Four Macedonians began singing a raucous song in their own dialect. One by one, most of the other men in the room joined them. The swarthy veteran gave up his drumming. The two men who were slapping each other didn’t stop, but they did sing between blows. The din was indescribable-and, to Sostratos, incomprehensible.
Alketas started howling at the top of his lungs. He paused only once, to nudge Sostratos again with his elbow and shout, “Sing!”
“How can I?” the Rhodian answered. “I don’t know the words. I don’t even understand them.”
“Sing!” Alketas said again, and gave himself back to the song. It seemed to go on forever. From snatches Sostratos picked up here and there, he gathered it was a battle song that came from a Macedonian civil war several generations earlier. The irony made him want to laugh, but he didn’t. The civil war the Macedonians were fighting now spanned most of the civilized world. The one they were singing about had been some tribal brawl as likely as not to have gone unnoticed by the true Hellenes to the south.
Of course, it wasn’t as if those true Hellenes hadn’t had plenty of faction fights of their own, both between cities and within them. Sostratos sighed and sipped at his wine; raising the cup gave him an excuse for not singing. Faction fights were the curse of Hellas. All the men, all the groups, all the poleis were so jealous of their rights and privileges, they refused to acknowledge anyone else’s. He wondered what the answer was, and whether there was an answer. If so, Hellenes had never found it.
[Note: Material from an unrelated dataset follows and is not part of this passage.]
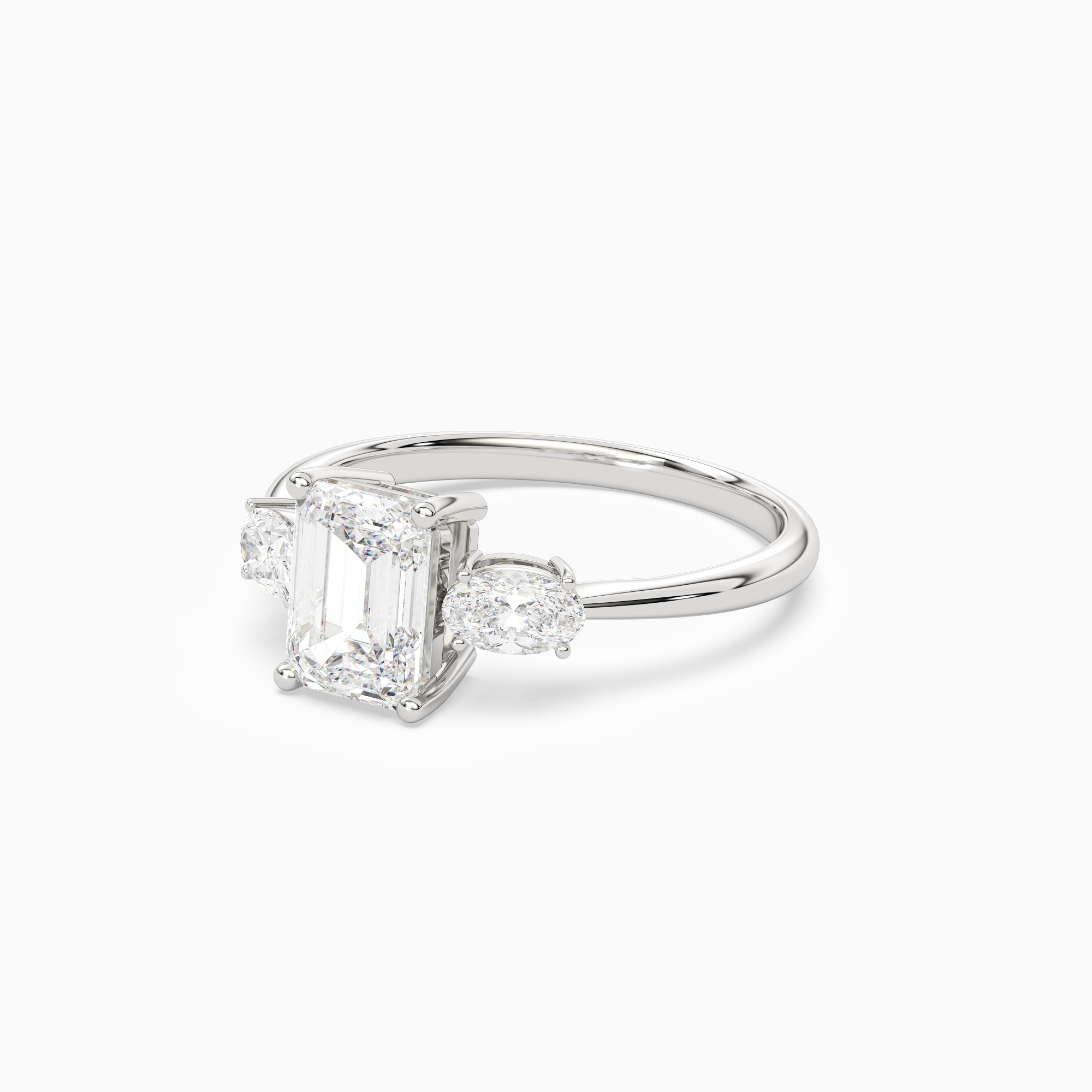 Emerald Classic Three Stone in Platinum top angle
Four more flute-girls swayed into the room. They wore short chitons-chitons that would have been short even on men-of filmy Koan silk. The silk was thin enough to let Sostratos see they’d singed off the hair between their legs. Alketas forgot his Macedonian war song. Sostratos thought his eyes would bug out of his head.
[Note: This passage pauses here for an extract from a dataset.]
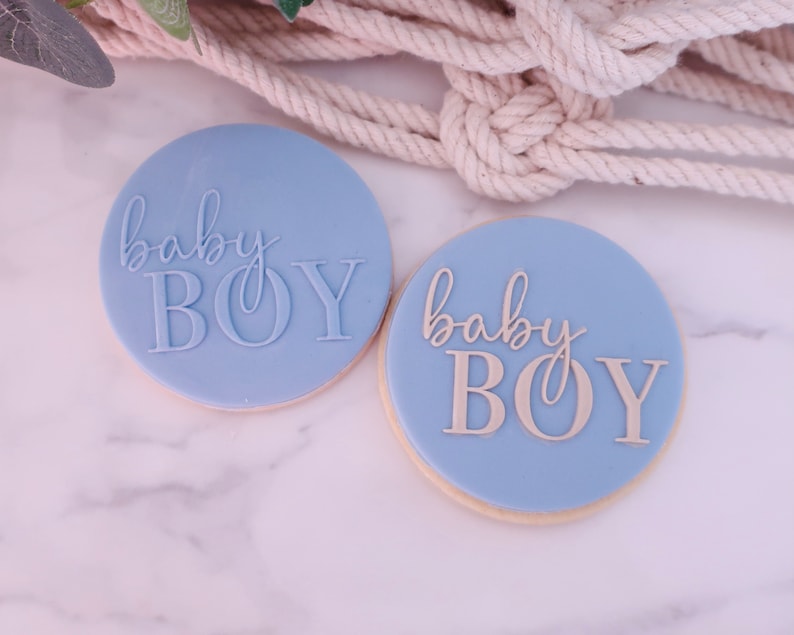 May include: Two round, light blue cookies with the words "baby BOY" in a cursive and block font. The cookies are on a white marble surface, with a beige rope and greenery in the background.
The flute-girls stayed in the open space in the middle of the room, where none of the symposiasts could grab them without leaping off his couch. A moment later, the din from the Macedonians redoubled, for a troupe of dancing girls followed the musicians, and the dancers wore nothing at all. Their oiled skin gleamed in the light of lamps and torches.
“Now we’re getting somewhere!” Alketas whooped. He turned to Sostratos. “Things are finally picking up a little, eh?”
“Yes,” Sostratos said politely. Yes, if you like getting blind drunk and rumpling slave girls, he added to himself. By all the signs, the Macedonians liked nothing better. One of the dancing girls did a series of flips. An officer jumped up and caught her in midair-not the least impressive show of strength Sostratos had ever seen. As if they’d rehearsed it, she wrapped her legs around his midsection. To the cheers of his comrades, he carried her back to his couch. They went on from there.
A couple of other Macedonians also grabbed girls for themselves. Dancing was all very well, they seemed to say, but other things were more fun. That deprived the men who would have been content to watch the dancers for a while of some of their enjoyment, but the Macedonians wouldn’t have been what they were if they’d spent much time worrying about other people’s feelings.
The two men who’d got into the slapping match paid no attention to flute-girls, naked dancing girls, or anything else. Whap!… Whap! Sostratos wondered how long they’d stay at it. Till one gave up? In that case, they might be here a long, long time. Whap!… Whap! If they’d had any brains when they started, they wouldn’t by the time they were through.